### Work item
Reproduce exactly, and only, the lines of the material below running from the line bearing "Alright guys, today" through the line bearing "One more thing". Leave any pictures out.

### Study material

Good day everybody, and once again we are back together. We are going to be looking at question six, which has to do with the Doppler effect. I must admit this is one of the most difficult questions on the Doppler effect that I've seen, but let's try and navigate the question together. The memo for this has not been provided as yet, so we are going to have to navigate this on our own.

---

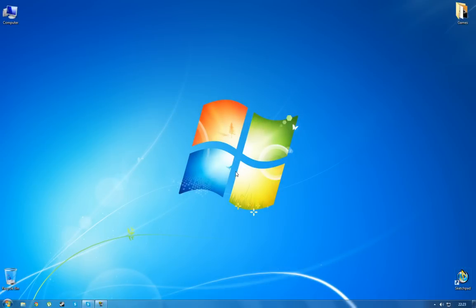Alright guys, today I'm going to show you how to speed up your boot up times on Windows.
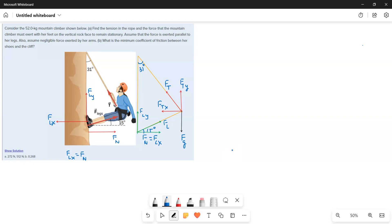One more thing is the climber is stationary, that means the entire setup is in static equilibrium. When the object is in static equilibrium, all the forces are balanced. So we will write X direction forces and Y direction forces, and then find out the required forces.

### Output for this task
Alright guys, today I'm going to show you how to speed up your boot up times on Windows.
One more thing is the climber is stationary, that means the entire setup is in static equilibrium. When the object is in static equilibrium, all the forces are balanced. So we will write X direction forces and Y direction forces, and then find out the required forces.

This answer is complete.